So we should look for $$|\del E_n| ≤ \sqrt{|εE/β(E_n)|} ≈ \sqrt{|εE_n/β(E_n)|}$$. When we meet that condition, then we should do one more iteration, and then stop. This limit on $$\del E_n$$ is considerably higher than $$|εE_n|$$, which should avoid the endless loop problem, and it is still small enough that it should not yet apply when the estimate is so far from the solution that it might still temporarily get worse before it zooms in to the solution.

For elliptic orbits the condition is

\begin{align} |\del E_n| \| ≤ \| \sqrt{\left| \frac{εE_n}{β(E_n)} \right|} \\ \| = \| \sqrt{\left| \frac{2εE_n(1 − e\cos(E_n))}{e\sin(E_n)} \right|} \end{align}

and for hyperbolic orbits

\begin{align} |\del E_n| \| ≤ \| \sqrt{\left| \frac{εE_n}{β(E_n)} \right|} \\ \| = \| \sqrt{\left| \frac{2εE_n(e\cosh(E_n) − 1)}{e\sinh(E_n)} \right|} \end{align}

### 7.4. Initial Estimate

Now we still need an initial estimate of $$E$$. We find such an estimate by replacing Kepler's Equation by a simpler one that we can solve directly.
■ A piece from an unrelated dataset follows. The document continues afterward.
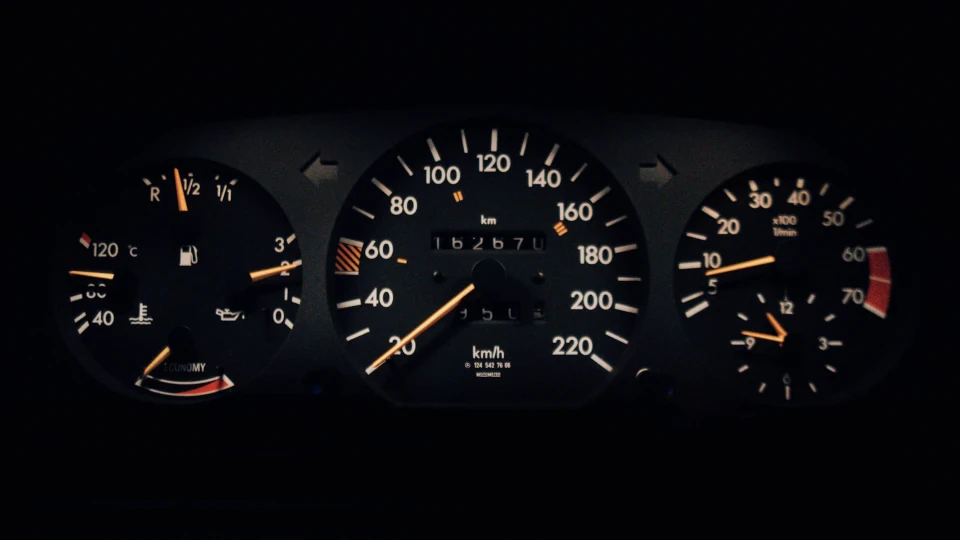 Mercedes-Benz E-Class 230E 2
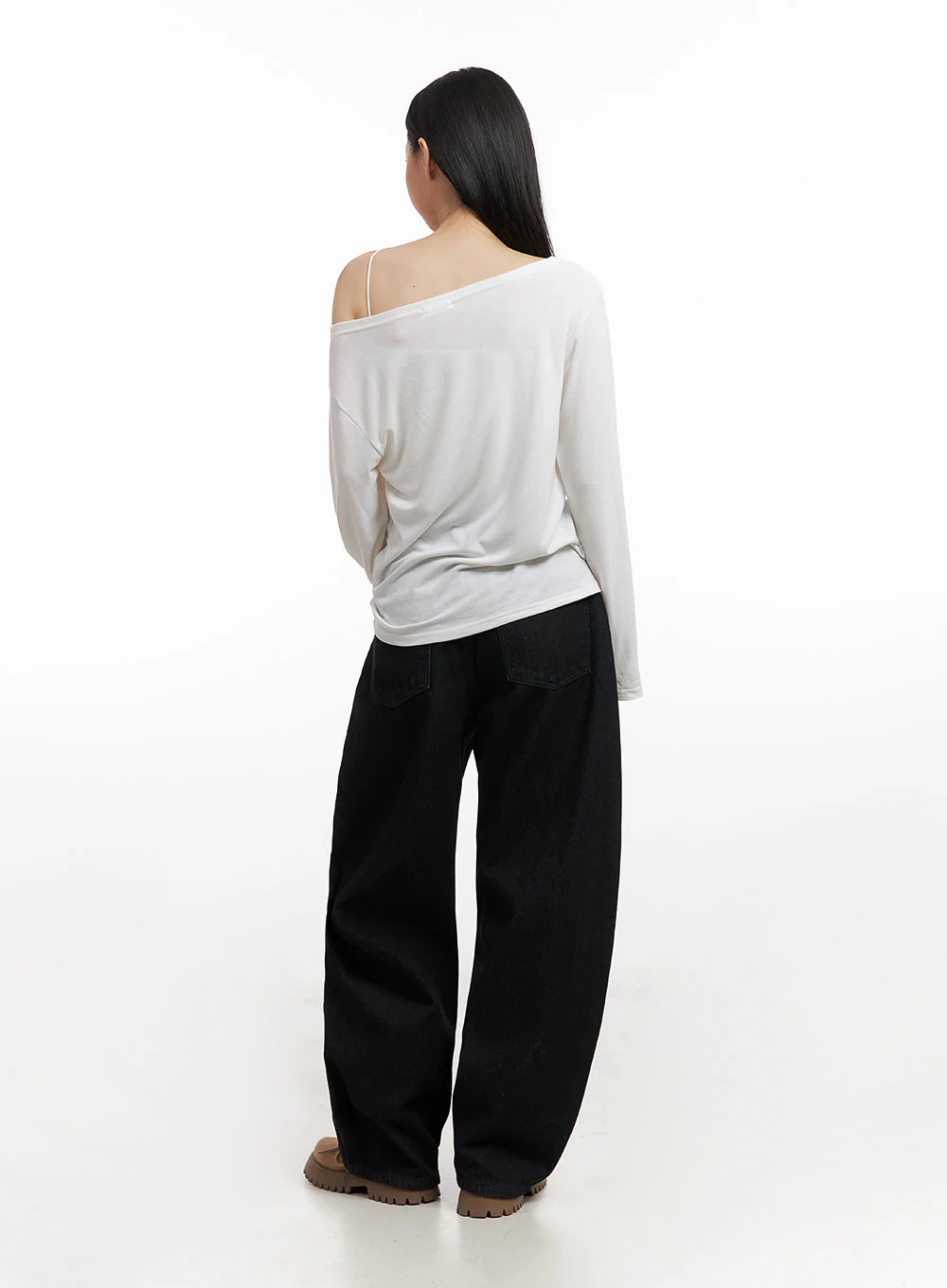 Loose-Fit Unbalanced Top CN426 - Image 4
The closer that simpler equation is to the real one, the larger the fraction of all combinations of $$M$$ and $$e$$ is for which that simpler equation yields a good estimate for the real solution.
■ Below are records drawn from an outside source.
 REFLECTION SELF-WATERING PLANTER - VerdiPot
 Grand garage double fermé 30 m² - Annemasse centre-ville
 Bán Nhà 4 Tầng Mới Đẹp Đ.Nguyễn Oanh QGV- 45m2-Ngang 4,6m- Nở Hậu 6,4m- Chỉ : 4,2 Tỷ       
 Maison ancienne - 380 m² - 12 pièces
We judge the quality of an initial estimate by figuring out how many iterations it requires to find the solution (to a specified relative precision $$ε$$) for a wide range of $$M$$ and $$e$$. The one that needs fewer iterations is deemed better than the one that needs more iterations.

There isn't a single initial estimate that is best (or even good) for all $$M$$ and $$e$$. All estimates that I've looked at that are good for at least some $$M$$ and $$e$$ require very many iterations for other $$M$$ and $$e$$. Below, I describe two initial estimates that are each good for a wide range of $$M$$ and $$e$$, and in combination are at least reasonable for all $$M$$ and $$e$$.

It is possible to find other estimates that are even better for some $$M$$ and $$e$$, but all of the ones that I looked at are better in only a narrow range of $$M$$ and $$e$$, and reduce the iteration count by at most a few, so that it doesn't seem worth the effort to include them in the procedure.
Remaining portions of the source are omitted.